Je l'avoue, j'ai été une militante féministe. J'ai mené la lutte dans mon couple en m'assurant, avec un soin maniaque, que je ne lavais pas une assiette de plus que mon chum. Je revendiquais même le droit de déposer autant de sacs d'ordures que lui au bord de la route. La lutte, la vraie, commençait par le partage des tâches.
C'était au milieu des années 70. Je venais de découvrir le féminisme. Le combat des femmes me grisait. J'étais jeune, enthousiaste, prompte à dénoncer l'oppression des femmes et prête à monter au créneau à la moindre injustice, qui s'incarnait souvent dans les petits gestes du quotidien.
Cinq ans plus tôt, l'américaine Kate Millet avait publié La politique du mâle, un pavé qui dénonçait le pouvoir patriarcal. Du sérieux. Tout y passait: de la négation du corps féminin par les hommes au sexisme des écrivains mâles, les Norman Mailer et D.H. Lawrence de ce monde. Une bombe que les femmes de ma génération lisaient avec délectation. Elles prenaient d'ailleurs un malin plaisir à laisser traîner le livre bien en vue sur la table de chevet pour que le mâle le voie.
Dans la tête de beaucoup de gens, les femmes n'avaient pas les mêmes droits que les hommes. Selon un sondage réalisé par CROP en 1976, 53% des personnes interrogées étaient peu (19%) ou pas du tout (34%) favorables au travail de la femme mariée mère de famille. La moitié du Québec! En 1976.
Et 39% des gens affirmaient que les travaux domestiques étaient une tâche qui devait incomber aux femmes.
En 1976. L'année où il n'était pas question que je lave une assiette de plus que mon chum.

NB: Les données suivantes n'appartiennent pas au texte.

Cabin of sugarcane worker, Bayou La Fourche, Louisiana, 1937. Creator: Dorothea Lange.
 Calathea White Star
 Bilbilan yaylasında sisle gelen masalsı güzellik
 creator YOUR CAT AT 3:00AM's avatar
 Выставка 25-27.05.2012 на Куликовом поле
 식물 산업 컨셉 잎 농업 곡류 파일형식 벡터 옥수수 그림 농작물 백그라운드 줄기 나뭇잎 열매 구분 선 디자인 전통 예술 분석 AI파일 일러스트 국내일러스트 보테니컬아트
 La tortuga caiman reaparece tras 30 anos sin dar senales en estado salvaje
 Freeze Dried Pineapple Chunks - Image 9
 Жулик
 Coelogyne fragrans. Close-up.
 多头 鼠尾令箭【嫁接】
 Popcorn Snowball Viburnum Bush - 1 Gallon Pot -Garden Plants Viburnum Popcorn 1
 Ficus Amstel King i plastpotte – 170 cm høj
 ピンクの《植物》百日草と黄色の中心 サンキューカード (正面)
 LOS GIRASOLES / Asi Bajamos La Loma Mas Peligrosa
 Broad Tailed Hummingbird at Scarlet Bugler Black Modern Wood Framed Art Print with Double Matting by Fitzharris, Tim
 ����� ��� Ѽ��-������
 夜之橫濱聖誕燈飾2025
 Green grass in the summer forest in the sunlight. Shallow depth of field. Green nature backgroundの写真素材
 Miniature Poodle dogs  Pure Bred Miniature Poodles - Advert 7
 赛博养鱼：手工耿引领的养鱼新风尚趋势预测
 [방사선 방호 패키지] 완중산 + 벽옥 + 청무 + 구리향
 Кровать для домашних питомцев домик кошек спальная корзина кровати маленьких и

Je suis née en 1954, 10 ans avant l'abolition de la loi sur l'incapacité juridique de la femme mariée. Jusqu'en 1964, au Québec, les femmes mariées n'avaient pas le droit d'exercer une profession, de gérer leurs biens ou de conclure des contrats. Et elles devaient obéissance à leur mari.
J'étudiais en histoire et j'étais scandalisée d'apprendre que les femmes étaient traitées comme des mineures ou des enfants, scandalisée que les femmes n'aient obtenu le droit de vote qu'en 1940 au Québec, alors que le fédéral le leur avait accordé en 1917.
Le Québec, étouffé par le clergé, avait peur des femmes libérées. Il faut relire les âneries écrites par Henri Bourassa, le fondateur du Devoir, qui s'opposait au droit de vote des femmes: «La fonction de la femme est la maternité, a-t-il écrit en 1917, sa place est au foyer et l'inégalité politique est fondée sur la biologie. (...) la femme sera inévitablement souillée si elle descend dans l'arène politique, les familles seront divisées (...).»
En 1929, le gouvernement a créé une commission sur les droits civils de la femme. Dans son rapport, les commissaires ont refusé de modifier l'article sur l'adultère: l'homme peut divorcer si sa femme le trompe. Par contre, la femme peut divorcer seulement si son mari entretient sa maîtresse sous le toit conjugal, car «la blessure faite au coeur de l'épouse n'est généralement pas aussi vive que celle dont souffre le mari trompé par sa femme».
Cet article a été aboli en 1954.
Ce sont ces injustices qui ont nourri mon féminisme. Même si les temps ont changé, même si les femmes ont gagné d'importantes batailles, elles restent vigilantes. Selon un sondage Segma mené au début du mois, 92% des femmes estiment qu'elles ont encore «des luttes importantes à mener pour obtenir la pleine reconnaissance de leurs droits».
Je ne compte plus le nombre d'assiettes que j'essuie - l'époque du féminisme comptable est révolue -, mais je reste aux aguets, prête à sauter dans l'arène à la moindre injustice.